THE SYNERGISTIC EFFECT OF AI-DRIVEN PREDICTIVE ANALYTICS AND EMPLOYEE DIGITAL AGILITY ON STRATEGIC DECISION-MAKING SPEED
Keywords:
AI-Driven Predictive Analytics, Employee Digital Agility, Strategic Decision-Making Speed, Technology-Driven Firms, Organizational SynergyAbstract
Purpose: This study investigates the synergistic effect of AI-driven predictive analytics adoption and employee digital agility on strategic decision-making speed in technology-driven firms. It specifically examines the direct relationships between these variables and the moderating role of employee digital agility.
Methodology: A quantitative, cross-sectional research design was employed using a structured survey distributed to 200 managers across technology-driven firms in Karachi, including software development, fintech, telecommunications, and e-commerce sectors. Data were analyzed using linear regression to test the hypothesized relationships.
Findings: The results revealed that employee digital agility (β = 0.325, p < 0.001) and strategic decision-making speed (β = 0.237, p = 0.002) are significant positive predictors of AI-driven predictive analytics adoption. Employee digital agility emerged as the stronger predictor, indicating that workforce proficiency in learning and leveraging digital tools is critical for successful AI analytics integration. The findings confirm that organizations combining digitally agile workforces with rapid decision-making processes are better positioned to harness predictive analytics capabilities.

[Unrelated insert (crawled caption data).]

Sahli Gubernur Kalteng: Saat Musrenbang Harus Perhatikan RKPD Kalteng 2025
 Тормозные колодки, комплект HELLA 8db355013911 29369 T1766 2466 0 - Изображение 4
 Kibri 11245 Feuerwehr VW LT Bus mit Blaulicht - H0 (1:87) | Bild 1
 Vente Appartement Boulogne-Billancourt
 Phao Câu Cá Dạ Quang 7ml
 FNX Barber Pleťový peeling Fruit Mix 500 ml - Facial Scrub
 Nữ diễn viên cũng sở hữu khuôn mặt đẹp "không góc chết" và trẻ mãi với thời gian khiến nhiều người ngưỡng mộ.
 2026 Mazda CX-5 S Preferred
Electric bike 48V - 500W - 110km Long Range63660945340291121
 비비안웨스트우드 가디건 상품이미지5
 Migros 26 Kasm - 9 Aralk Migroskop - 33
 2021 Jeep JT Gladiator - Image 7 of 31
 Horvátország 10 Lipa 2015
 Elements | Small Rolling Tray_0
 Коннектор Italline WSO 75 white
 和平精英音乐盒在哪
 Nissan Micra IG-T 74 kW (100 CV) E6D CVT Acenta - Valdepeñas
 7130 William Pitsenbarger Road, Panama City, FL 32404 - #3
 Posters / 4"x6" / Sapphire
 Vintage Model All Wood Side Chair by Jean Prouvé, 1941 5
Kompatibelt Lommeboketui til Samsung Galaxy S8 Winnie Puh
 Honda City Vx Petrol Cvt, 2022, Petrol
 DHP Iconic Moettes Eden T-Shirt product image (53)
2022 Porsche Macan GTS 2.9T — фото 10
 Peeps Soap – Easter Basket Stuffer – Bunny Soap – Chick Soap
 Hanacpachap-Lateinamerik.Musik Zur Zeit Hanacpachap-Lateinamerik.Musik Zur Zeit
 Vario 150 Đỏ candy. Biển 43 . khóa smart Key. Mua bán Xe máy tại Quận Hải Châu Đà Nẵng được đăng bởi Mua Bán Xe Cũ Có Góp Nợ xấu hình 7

Originality/Value: This study addresses a significant gap in the literature by empirically examining the synergistic interplay between human digital capabilities and organizational decision velocity in facilitating AI analytics adoption. Unlike prior research that treats technology adoption and workforce agility as parallel phenomena, this study demonstrates their joint significance, offering valuable insights for leaders in technology-driven firms. The findings suggest that strategic investments should balance technological infrastructure with workforce development to optimize AI-driven decision-making capabilities. Future research should explore longitudinal effects and additional moderating variables across diverse industry contexts.